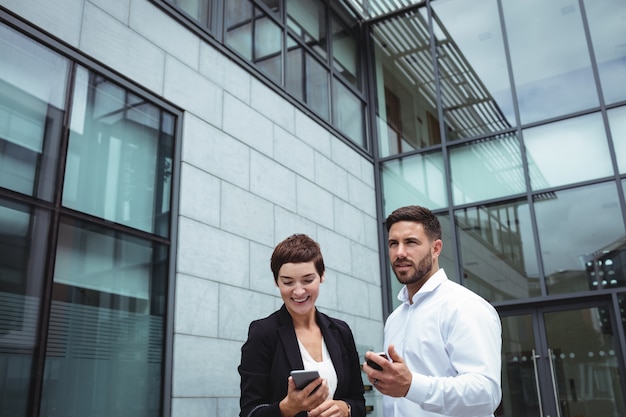 Businesspeople using mobile phone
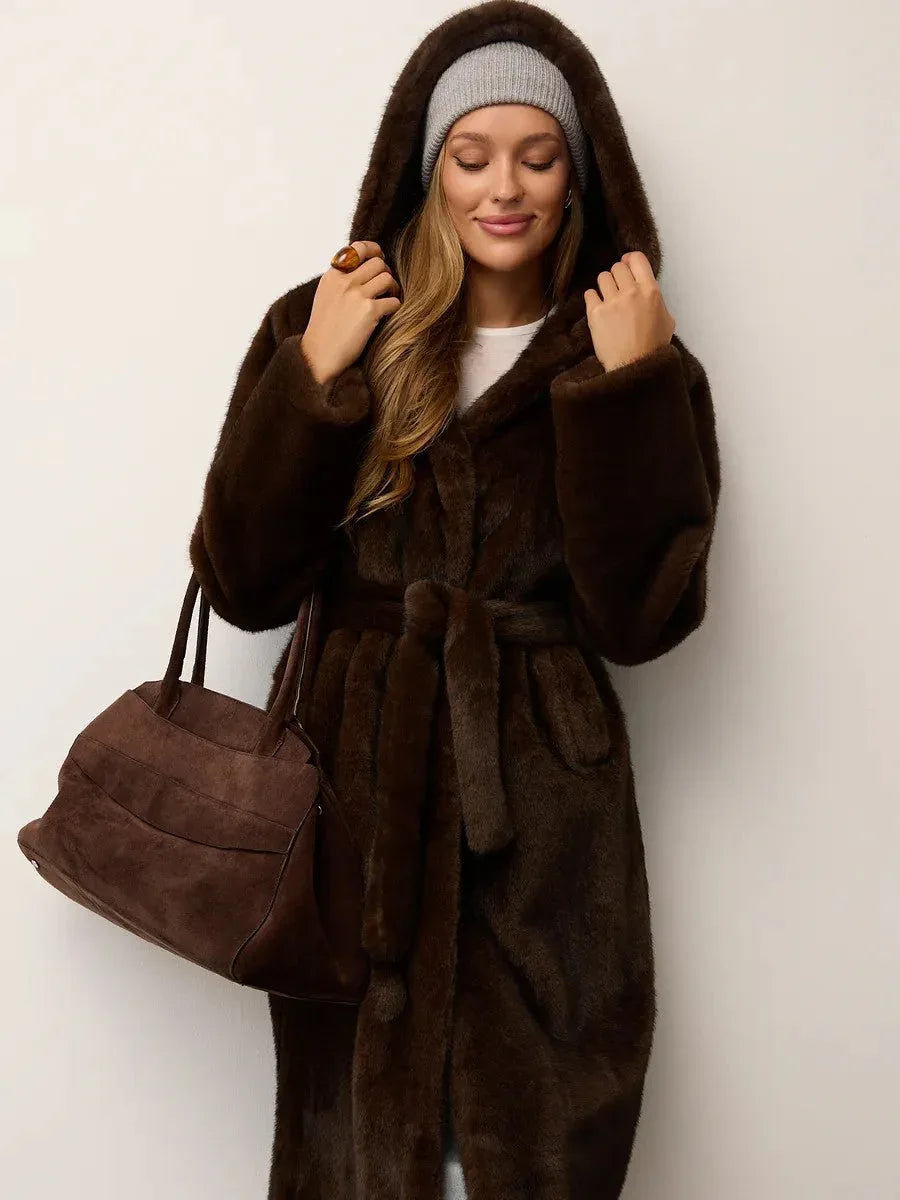 Woman wearing a brown faux fur hooded coat and holding a brown handbag.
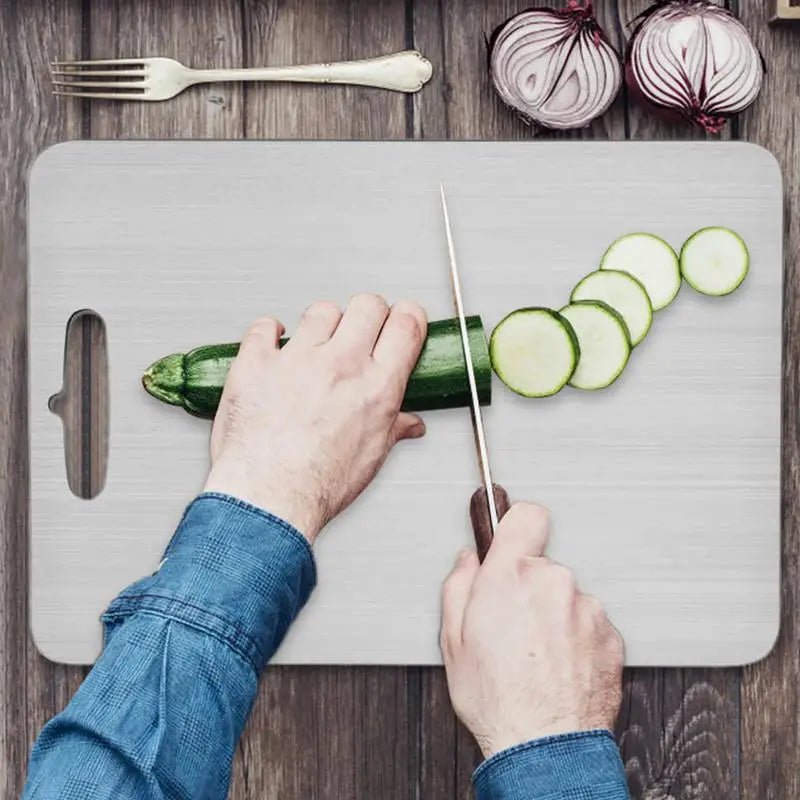 A person is cutting a cucumber on a gray cutting board with a knife, surrounded by garlic and a fork.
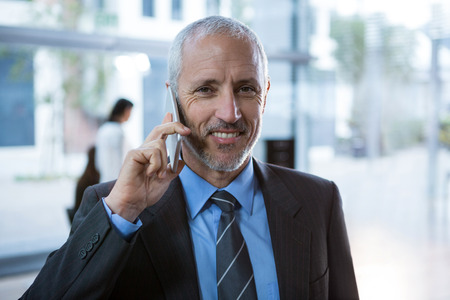 Portrait of businessman talking on mobile phone in officeの写真素材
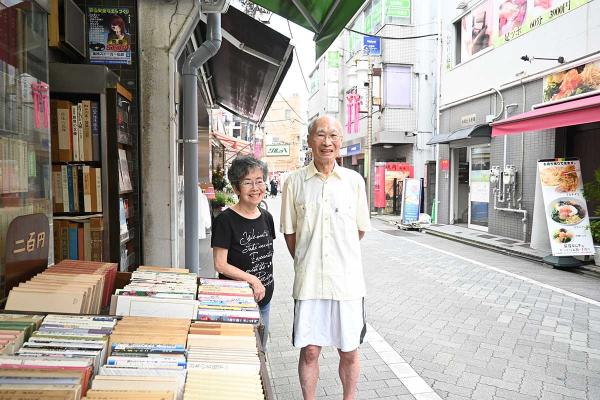 「二百円棚」のある店頭にて。和雄さんと菊栄さん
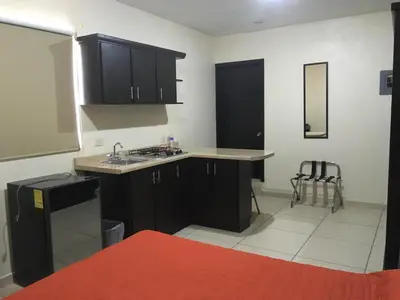 Una cocina o zona de cocina en Hgen Rooms & Suites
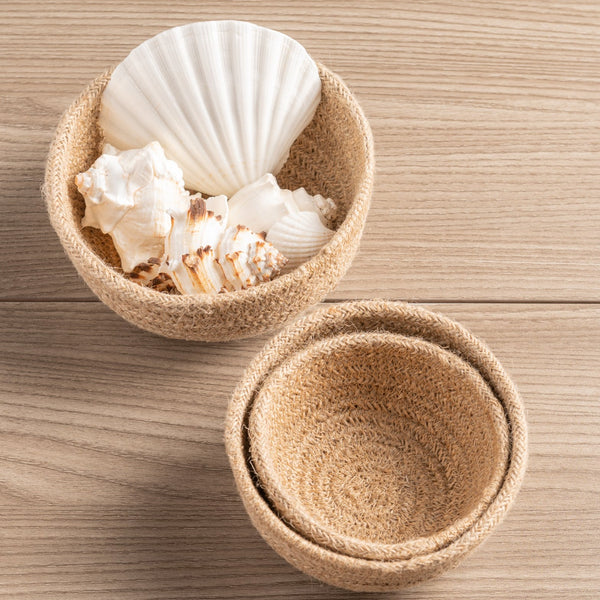 Natural woven mini bowls on a table with sea shells.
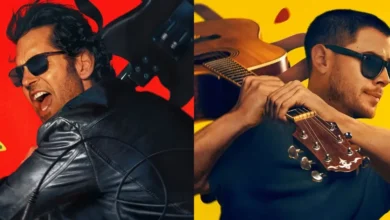 Paul Rudd e Nick Jonas em imagem promocional do filme Hit Para Dois (2026), usando óculos escuros e segurando guitarras em fundo vermelho e amarelo.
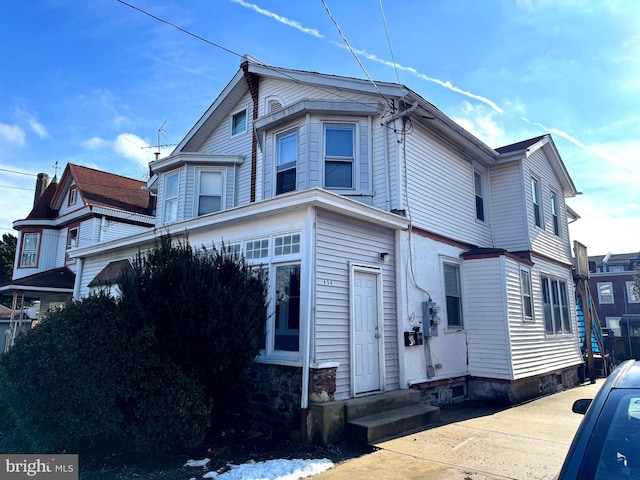 view of side of home featuring entry steps
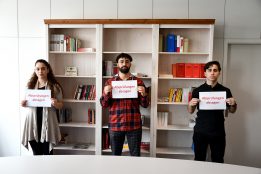 Drei Jugendliche stehen mit Abstand vor einem Bücherregal. Jeder hält ein Schild mit der Aufschrift "Abiprüfungen absagen" in roter Schrift in der Hand. Sie haben ernste Gesichtsausdrücke.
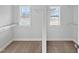 Bright walk-in closet with carpet, white walls, wire shelving, and natural light from two windows at 120 Whistling Way # Cary Traditiol, Lillington, NC 27546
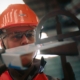 Photo d'un chef de chantier avec casque et gants, regardant en détail un élément de construction en métal.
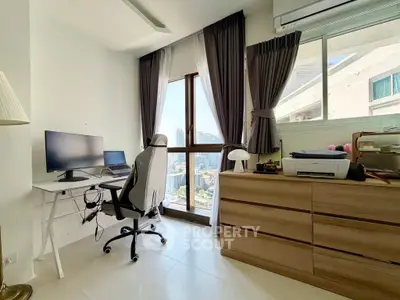 Modern study room with city view, featuring sleek desk and ergonomic chair.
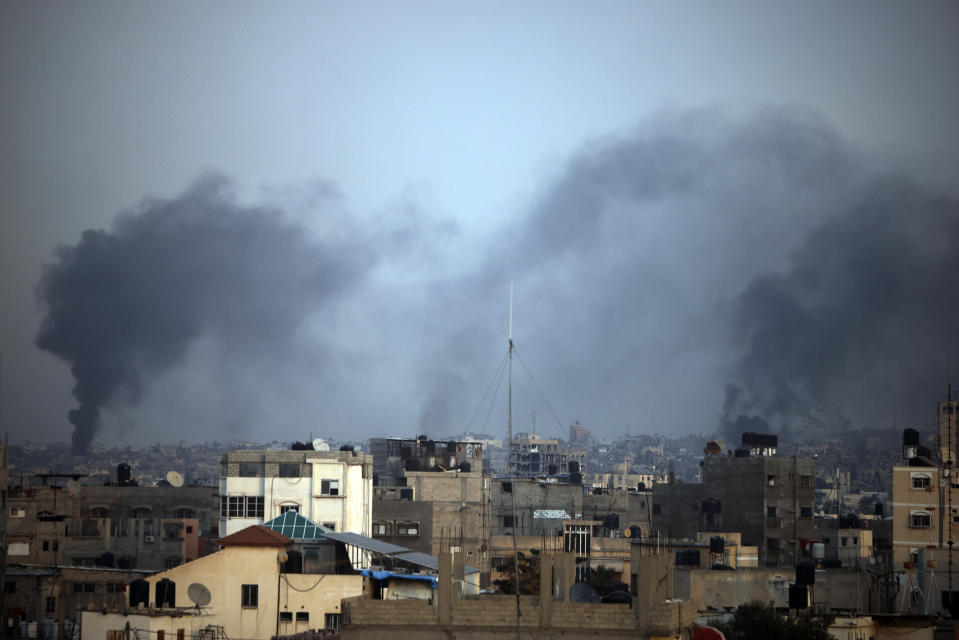 Smoke rises from the town of Khan Younis after Israeli strikes on Tuesday, Dec. 12, 2023. (AP Photo/Mohammed Dahman)
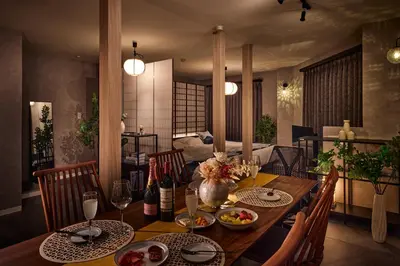 a dining room with a wooden table with food on it at Nihonbashi Hamacho Hotel Fortuna, PH 50m2, 3min, 4pax in Tokyo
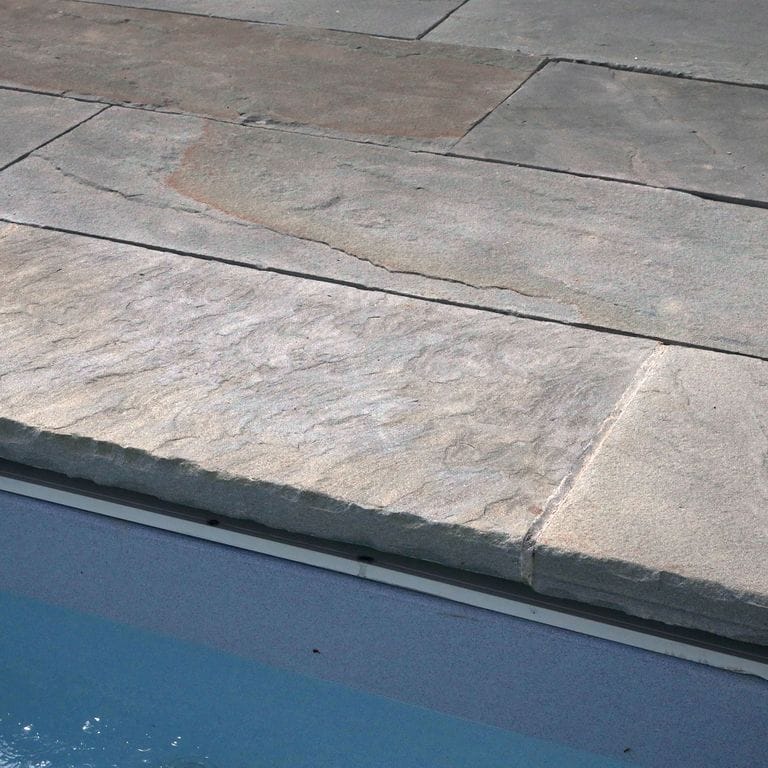 Close-up image for Bluestone Natural Cleft Surface - Blue/Gray - Pool Coping. The surface finish shown is natural cleft. Dominant colors shown are blue and gray; with beige, purple and white secondaries. Exhibits "movement" and the color mix creates a cool feeling. Regular and cloudy color patterns.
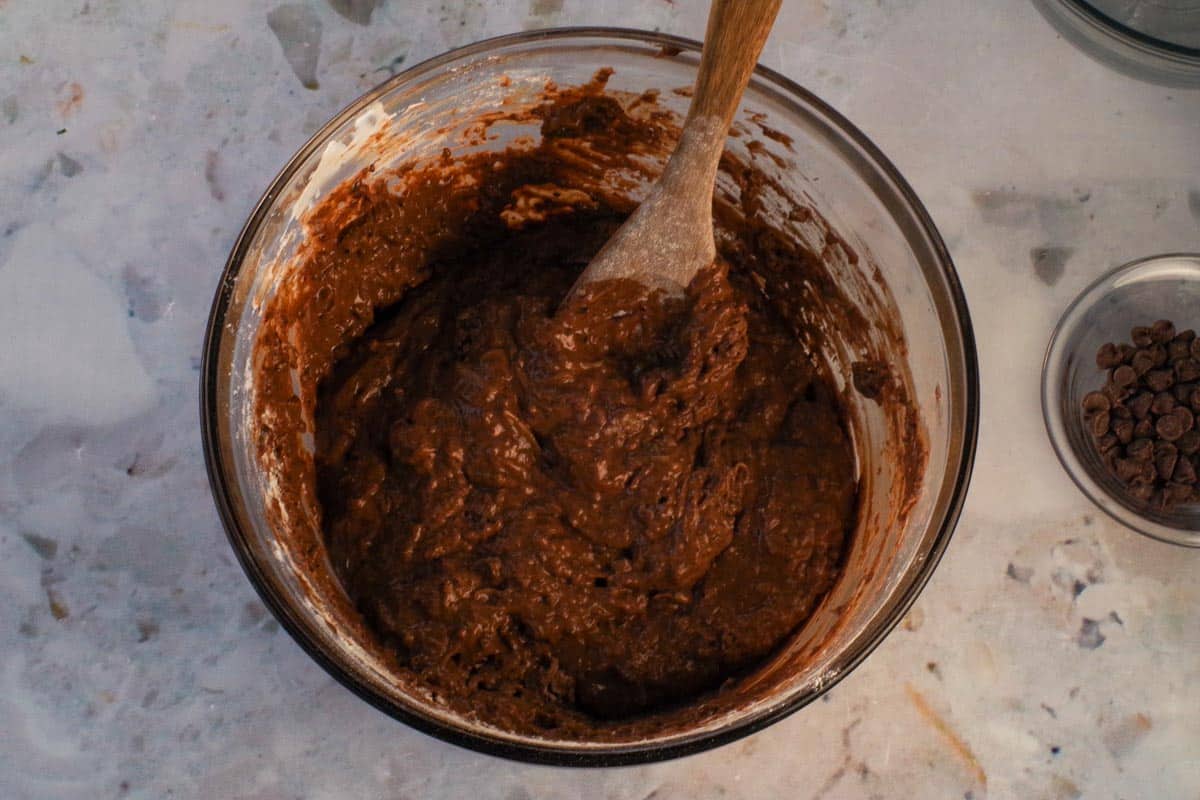Dry ingredients gently folded into the wet ingredients with wooden spoon in a large glass bowl.
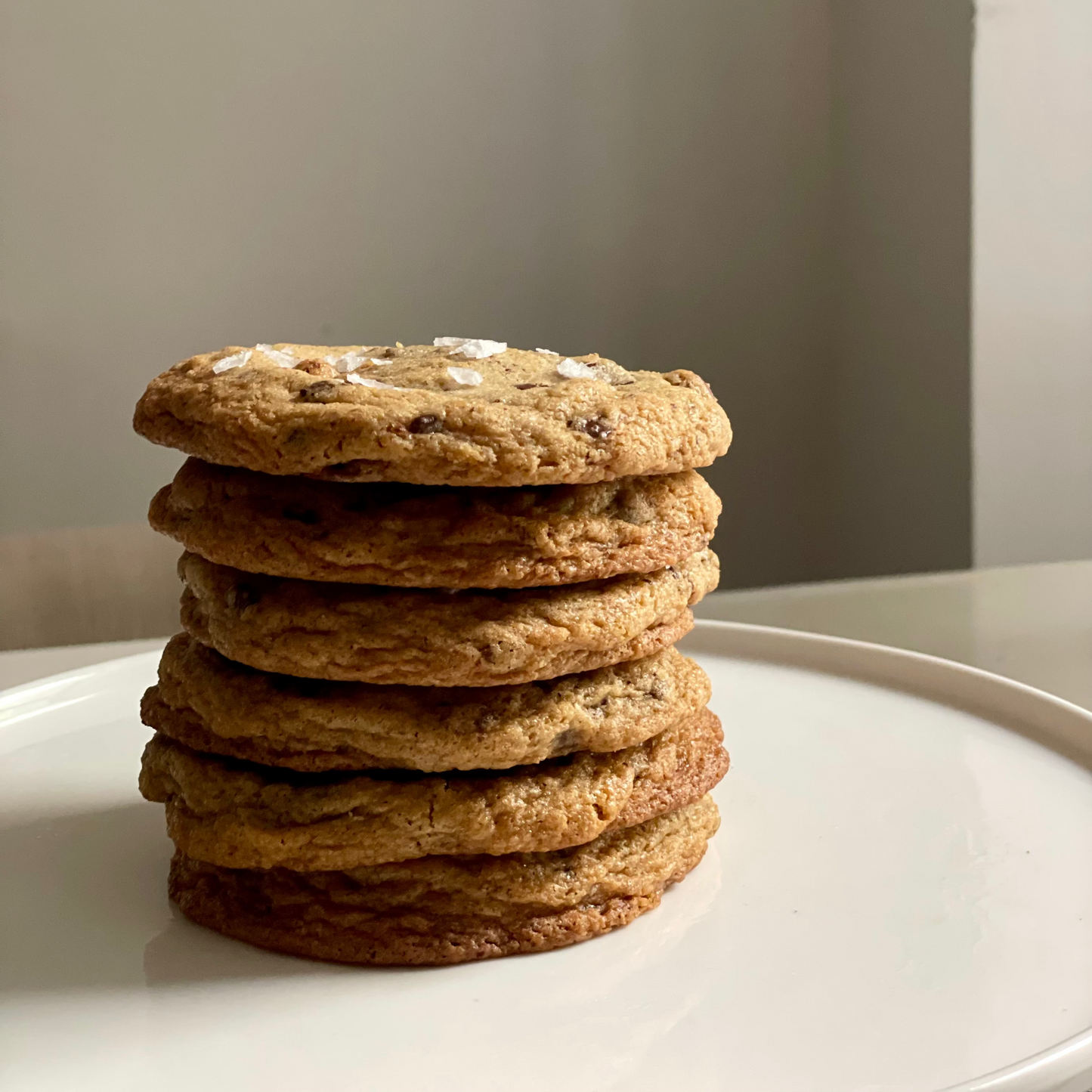 Stack of cookies on a white plate with a neutral background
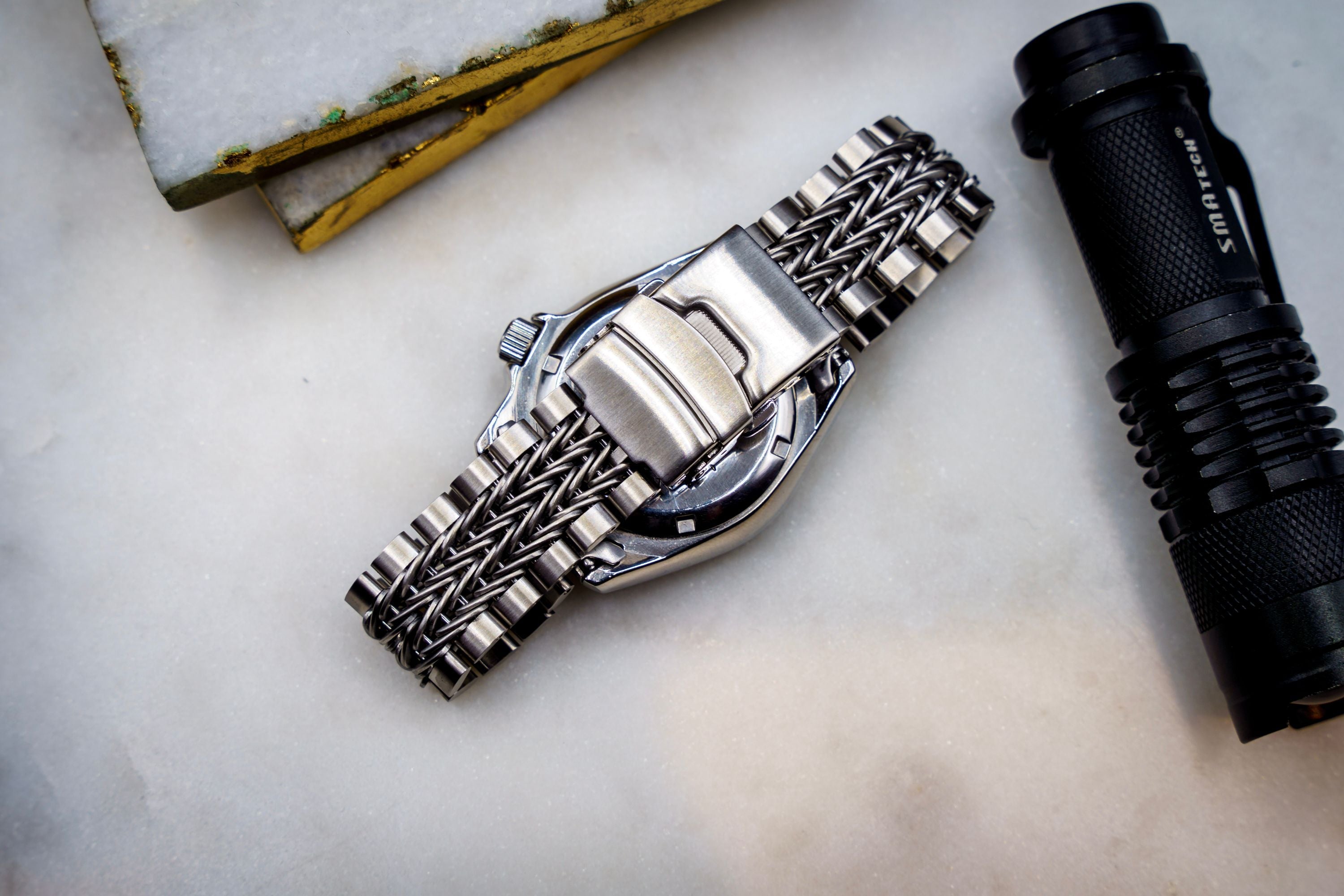 Stainless steel Seiko SKX013 dive watch with razor-wire bracelet displayed alongside tactical flashlight and weathered level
○ ○ ○ ○ ○
• [Task goal] Retype, word for word, only the line holding "Dry ingredients gently" and the lines after it through the final line of the listing above, and leave every picture out.

• [Solution for this problem]
Dry ingredients gently folded into the wet ingredients with wooden spoon in a large glass bowl.
 Stack of cookies on a white plate with a neutral background
 Stainless steel Seiko SKX013 dive watch with razor-wire bracelet displayed alongside tactical flashlight and weathered level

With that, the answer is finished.